Verify: In Terminal, type python3 --version. Should say Python 3.11.x.
- Go to https://ollama.com/download
- Click "Download for Mac"
- Open the downloaded file and drag Ollama to your Applications folder
- Open Ollama from Applications — it appears in your menu bar
In Terminal:
ollama pull gemma3:12b
ollama pull qwen2.5-coder:7b
(Adjust based on your Mac's GPU — M1/M2 Macs have unified memory, 8GB+ unified memory uses the 8GB tier)
Follow Steps 4–7 from the Windows section above, but:
- Use Terminal instead of Command Prompt
- Use
python3instead ofpythonifpythondoesn't work - Paths use
/instead of\
Start the server:
python3 app/server.py
Ubuntu / Debian:
sudo apt update
sudo apt install python3.11 python3.11-pip python3.11-venv
Fedora:
sudo dnf install python3.11
Arch:
sudo pacman -S python
Verify: python3 --version
curl -fsSL https://ollama.com/install.sh | sh
This installs and starts Ollama as a system service.
ollama pull gemma3:12b
ollama pull qwen2.5-coder:7b
Same as Windows, using:
- Terminal (already open)
python3instead ofpython- Forward slashes in paths
If you prefer LM Studio (a graphical interface for running local models):
- Download LM Studio from lmstudio.ai
- Install and open it
- Click "Search" and find
gemma-3-12b— download it - Click "Local Server" in the left sidebar
- Select your downloaded model and click "Start Server"
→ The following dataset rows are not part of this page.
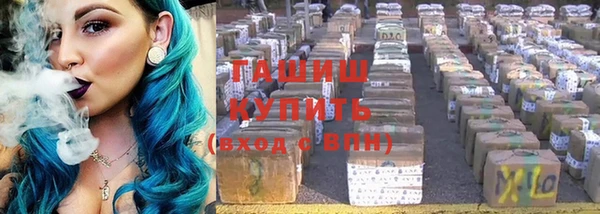 mdpv Новокубанск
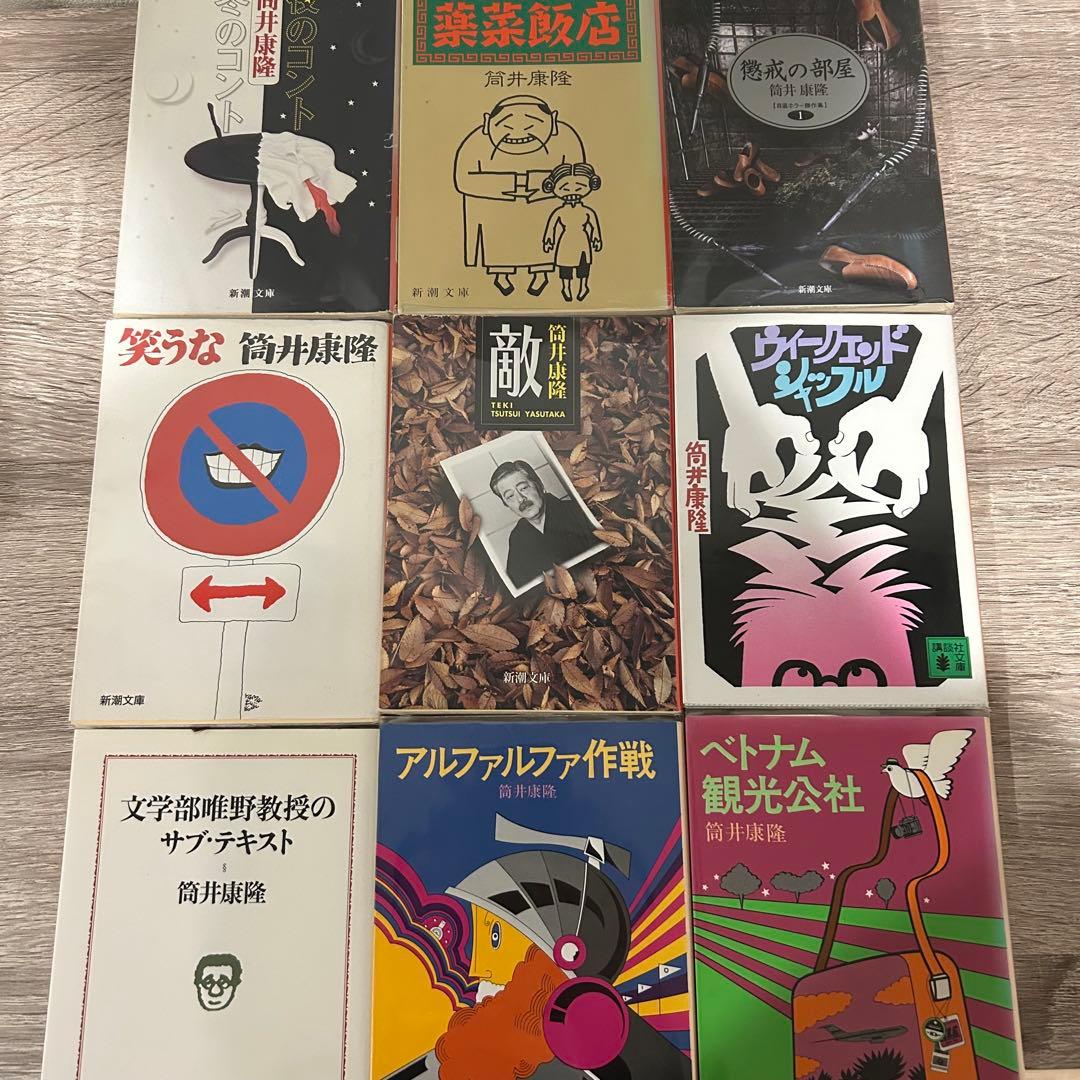 初版 帯付き】筒井康隆 21冊セット パプリカ他 - メルカリ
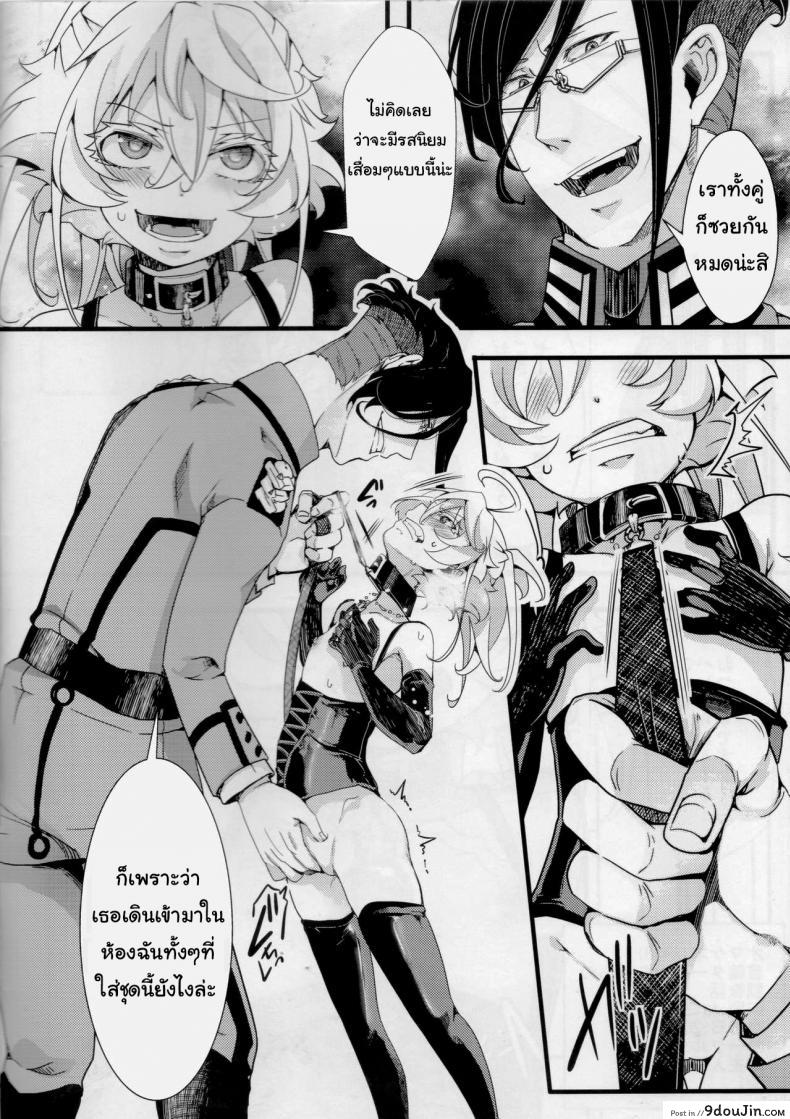 Tiegenhoff Kikango ni + Omake bon (Youjo Senki) แปลไทย 75 อ่านโดจิน Tiegenhoff Kikango ni + Omake bon (Youjo Senki) แปลไทย หน้าที่ 17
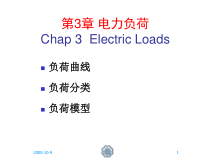 第三章电力负荷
Save Token will automatically detect LM Studio on port 1234. No configuration needed. The status line will say Backend: lmstudio when connected.
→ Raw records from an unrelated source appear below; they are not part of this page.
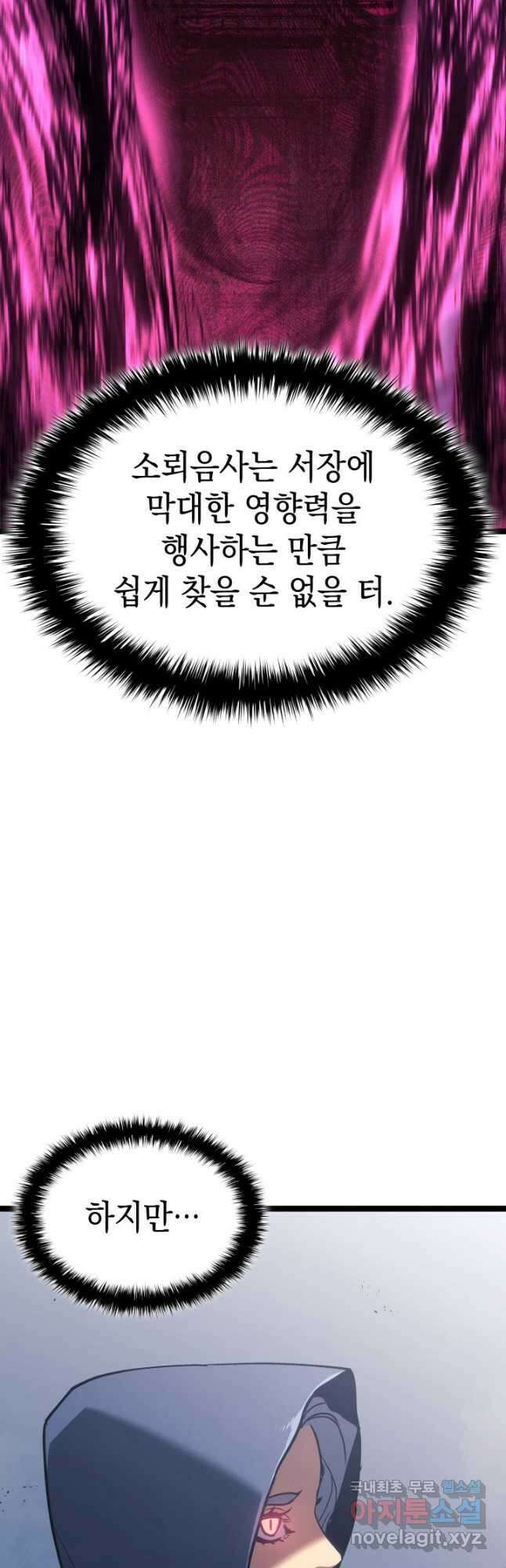 사신표월 시즌2 30화 6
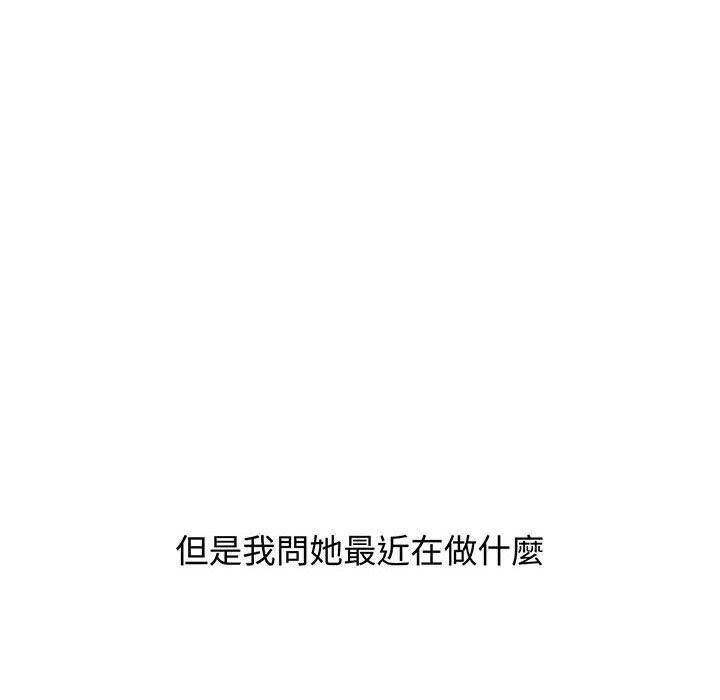 56P - 小孩子才做选择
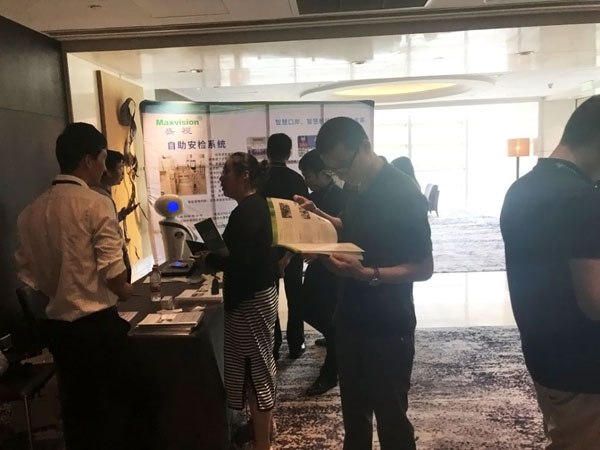 完美(中国)wanmei·官方网页版,参加上海峰会，开启智慧机场服务新格局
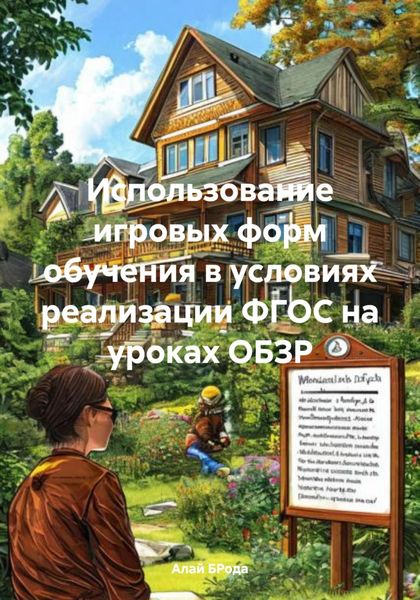 Обложка книги  «Использование игровых форм обучения в условиях реализации ФГОС на уроках ОБЗР»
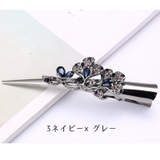 くちばしクリップ ヘアクリップ 髪留め | PlusNao | 詳細画像11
On Windows: Ollama starts automatically when you log in. If it's not running, search for "Ollama" in the Start menu and open it.
On macOS: Ollama runs in the menu bar. Click the icon to check status.
On Linux: Ollama runs as a service. Check with systemctl status ollama.
If the status line in Save Token says "Ollama is not running", type ollama serve in a terminal and leave it open.
pip command not found
Try pip3 instead of pip. Or: python -m pip install -r requirements.txt
Permission denied errors
On macOS/Linux, try: pip install --user -r requirements.txt
"No module named fastapi"
The requirements were not installed. Run pip install -r requirements.txt again from the save-Token folder.
Model download fails halfway
Run the ollama pull command again — it will resume where it left off.
Port 8000 is already in use
Try: python app/server.py — if it fails, another program is using port 8000. You can edit app/server.py and change port=8000 to port=8001 near the bottom of the file.